David Martel Sings for his Gingham or Vice Versa

While his fans scarfed down the food, Martel scarfed up the Gingham.

March 19th, Spring Equinox, Twenty-thirteen (Montreal) Scarves are pretty much gonna be history soon now that the calendar is starting to let the months fly in the wind. Pretty soon it's going to be that time of year again. Still, that wind is very much in the air, as David Martel proves. Here we see David [check way better journalism done on the guy here] stage-left having finished an exhausting gig trying to raise the eyebrows of the tough crowd at Vices & Versa, which is a Little Italy hotspot whose name we think means "addicted to poems," yeah? For sure, if Martel's antics are anything to go by. The punters were soon ordering everything on the menu, they couldn't get enough of the man. Backed up by a famous drummer and an outrageous string section, it had us thinkin'... there is no way this guy could be for real. But then we saw the scarf. More legit then a tailor-fit. This one's from the original set. The Gingham Nation is stronger than we knew.

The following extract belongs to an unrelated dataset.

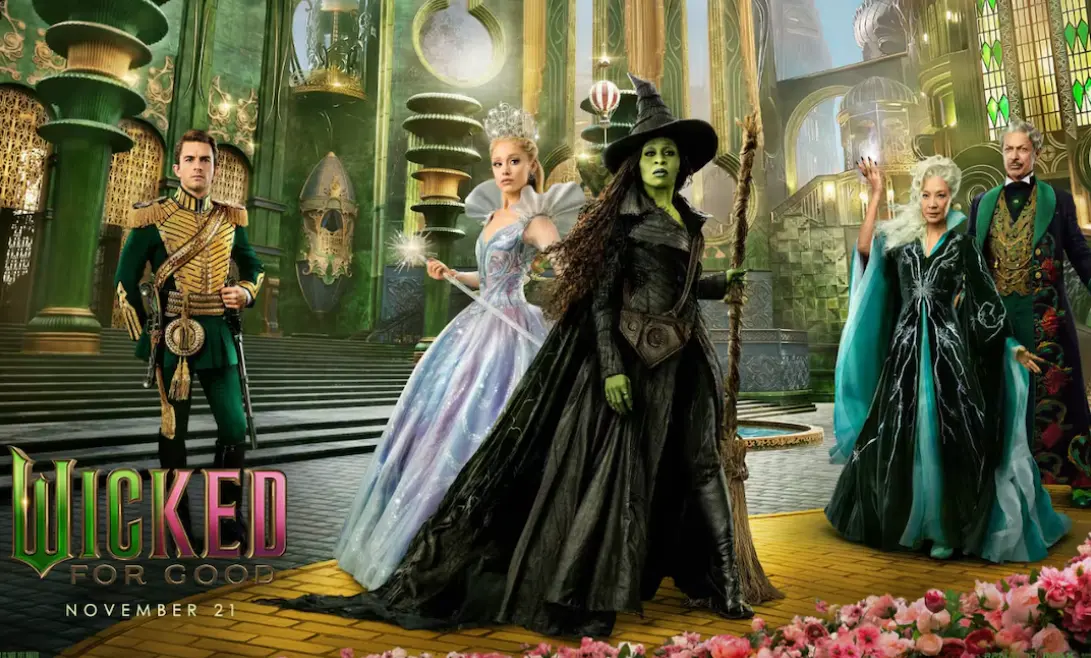 "Wicked: Por Siempre" llega sin escena postcréditos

Gabriel is talking to his agent about more Gingham...
But doesn't realize, Shawn is his agent.
West-side Montreal, we caught these two stand-ups down at Burritoville. At first we thought they were joking when they said they were comedians. Jokes on us. They Got Gingham.

LUDO in Girondin Mayhem!

"Oui, oui. C'est vrai. Bien sur. Pour quoi pas? Alors, franchement--qu'est-ce-que je peut dire?"
You've always been afraid to approach him on the dance floor... so we went in and brought him to you. Check out Ludo here in a shirt he says was a gift from Bordeaux. That's Bordeaux France, not Bordeaux prison. Who knows where he got his tattoos from. He has several more shirts similar so keep watching this space as we collar the man in his finest Gingham-Vichy.

Montreal Street Style 
Still Flying the Gingham Standard

Louis stays anon on Blvd. St-Laurent in a cut he Got from Korea. We'll be hearing from him anon.

Frederic in no need of a lift, giving it to us in this Northern Shield Special.

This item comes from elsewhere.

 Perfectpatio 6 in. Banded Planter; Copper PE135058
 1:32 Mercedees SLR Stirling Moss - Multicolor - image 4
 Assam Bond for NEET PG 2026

Everybody loves cute babies. Every baby loves Gingham. You can't train a baby to act. Oh wait, her mother's a famous actor.

A real negotiator wears Gingham.

Graf buffs take Gingham as par for the course (seen here at the now defunct Fresh Paint Gallery).

More Gingham action at Fresh Paint (courtesy of Fionsy Katz).

Guys, Gingham works. Trust us. For centuries it has proven its strength and durability.

Our photographer had to fend off an army of Gingham lovers to get this shot.

You're always headed in the right direction, while motoring in your Gingham.

Sometimes you just wish your friend wore Gingham. So you wave it around and hope they get the hint.

Our production manager Christine Deita poses in front of the coolest cat in the hottest Metro station.

      almost forty YEARS AGO
Hi-tech lighting employed to ensure Gingham not overshadowed by beard/chin (courtesy BBC-TV)
 Take a look at Jimmy Hill. Any English football fan reading this knows who he is [now you do too]. This is him talking before a Chelsea match in 1976. A lot of people made fun of Jimmy Hill, especially for the size of his chin. In fact, it bore an expression: "Scratch my chin!" which meant "I don't beleive you!" which then just became "Jimmy Hill!" for short. If somebody had told me at the time he wore Gingham, I'd have said "Jimmy Hill."

Today's caption: "Springs Eternal" is brought to us by the kind folks at the library who randomly selected the slogan. It also fits with the first day of spring and the hope that now the Fashion Strike is over, you'll be seeing a lot more Got Gingham.